* [INSTRUCTIONS TO FOLLOW]:
Beginning at the line that includes "this 630×356 image." in the entries below, print each line exactly as it appears, through the last one.

* [ENTRIES SHOWN]:
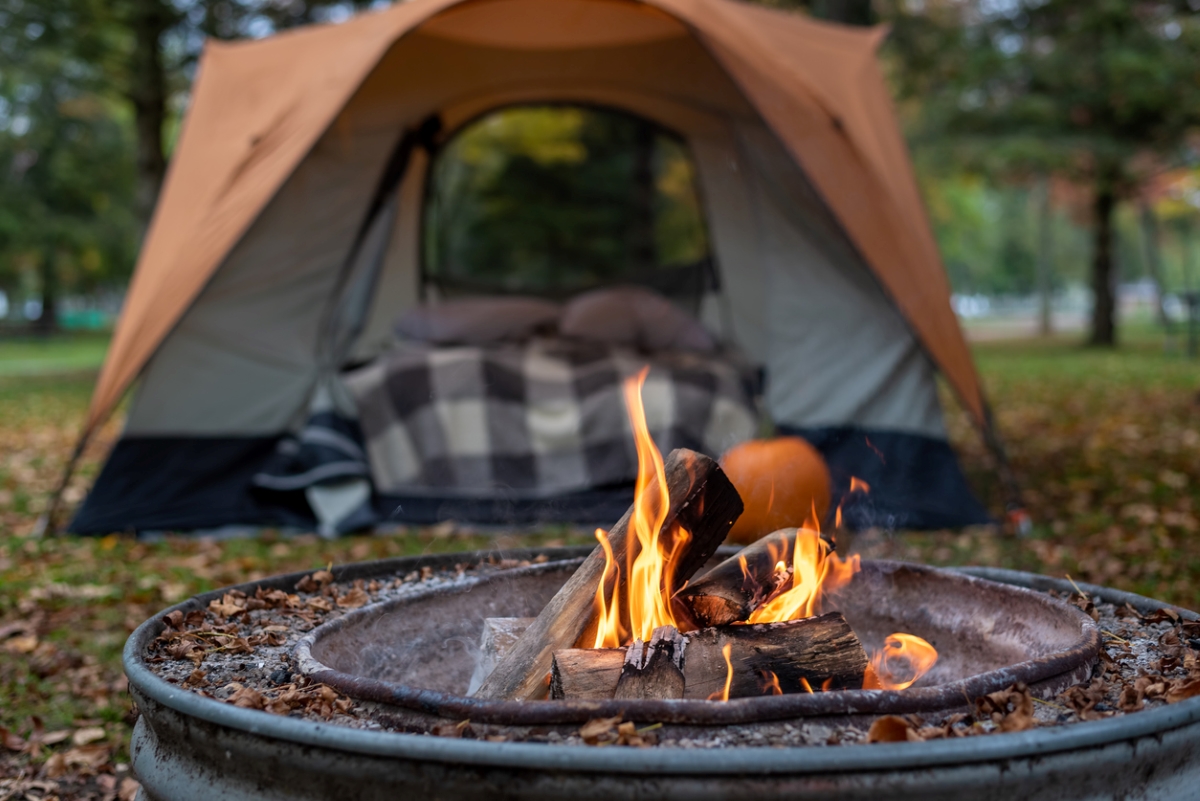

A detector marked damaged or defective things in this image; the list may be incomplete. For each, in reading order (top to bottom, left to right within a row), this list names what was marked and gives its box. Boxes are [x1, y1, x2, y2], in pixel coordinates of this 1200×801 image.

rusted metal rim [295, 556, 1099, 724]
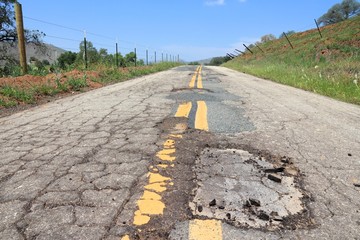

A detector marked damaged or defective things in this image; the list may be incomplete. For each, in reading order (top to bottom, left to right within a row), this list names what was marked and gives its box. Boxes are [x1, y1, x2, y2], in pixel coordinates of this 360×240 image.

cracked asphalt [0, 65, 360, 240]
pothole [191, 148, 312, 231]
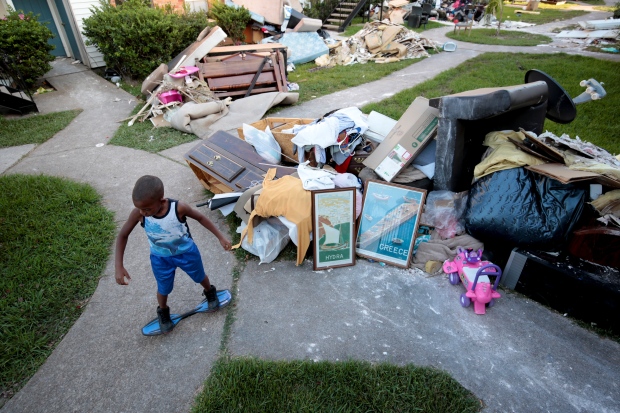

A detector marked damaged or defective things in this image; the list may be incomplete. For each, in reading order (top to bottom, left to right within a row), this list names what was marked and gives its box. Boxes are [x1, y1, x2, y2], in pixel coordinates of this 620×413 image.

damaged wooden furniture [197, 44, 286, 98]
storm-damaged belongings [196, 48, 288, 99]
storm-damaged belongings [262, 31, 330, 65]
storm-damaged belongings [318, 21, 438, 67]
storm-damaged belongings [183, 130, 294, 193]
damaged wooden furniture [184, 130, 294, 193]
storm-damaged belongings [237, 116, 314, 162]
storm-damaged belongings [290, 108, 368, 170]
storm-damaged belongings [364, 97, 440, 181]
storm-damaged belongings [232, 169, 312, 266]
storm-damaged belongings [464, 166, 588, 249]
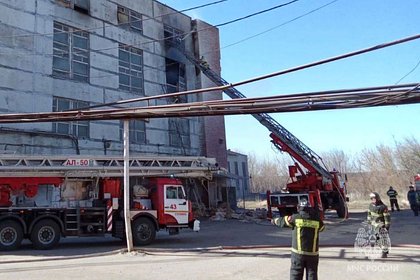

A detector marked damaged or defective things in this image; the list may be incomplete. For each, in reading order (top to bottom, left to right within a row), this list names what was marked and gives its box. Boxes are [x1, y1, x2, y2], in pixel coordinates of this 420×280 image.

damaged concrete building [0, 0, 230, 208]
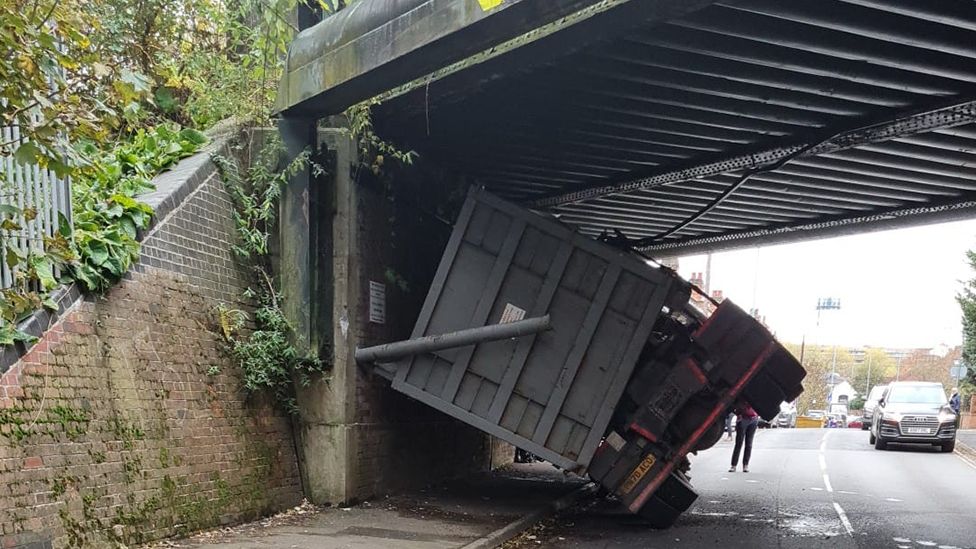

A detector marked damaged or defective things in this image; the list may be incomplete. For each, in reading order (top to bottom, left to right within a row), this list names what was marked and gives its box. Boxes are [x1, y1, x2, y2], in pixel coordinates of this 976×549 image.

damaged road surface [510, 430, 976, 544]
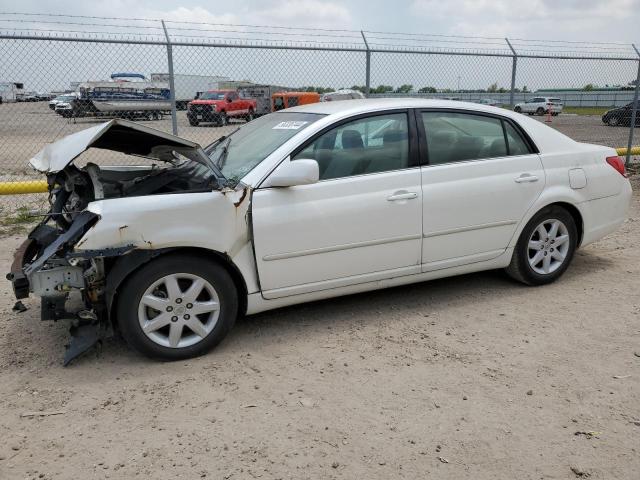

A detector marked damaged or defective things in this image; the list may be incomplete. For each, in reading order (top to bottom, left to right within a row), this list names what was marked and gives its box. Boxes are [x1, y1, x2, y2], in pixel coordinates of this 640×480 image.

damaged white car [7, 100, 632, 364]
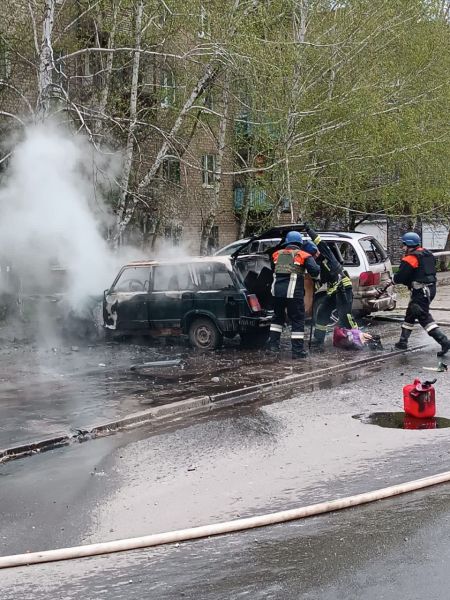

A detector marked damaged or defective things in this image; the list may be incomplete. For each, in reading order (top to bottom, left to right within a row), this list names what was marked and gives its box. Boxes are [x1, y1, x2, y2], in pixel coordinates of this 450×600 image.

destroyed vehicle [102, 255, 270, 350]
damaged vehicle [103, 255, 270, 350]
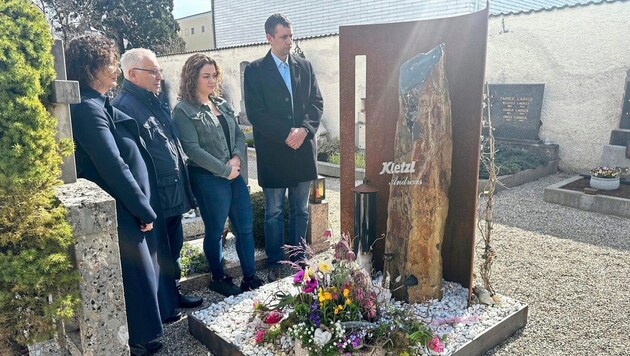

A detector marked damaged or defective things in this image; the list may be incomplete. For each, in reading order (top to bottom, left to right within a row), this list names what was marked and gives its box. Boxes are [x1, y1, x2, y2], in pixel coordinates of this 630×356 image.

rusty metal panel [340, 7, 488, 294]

* [ANSWER AREA]:
A detector marked damaged or defective things in this image; the list may be incomplete. For each, in reading order (top to bottom, left to right within a row), this list names what was marked and gives its box. Boxes are [x1, y1, x2, y2], in pixel coordinates of this 630×356 image.

rusty metal panel [340, 7, 488, 294]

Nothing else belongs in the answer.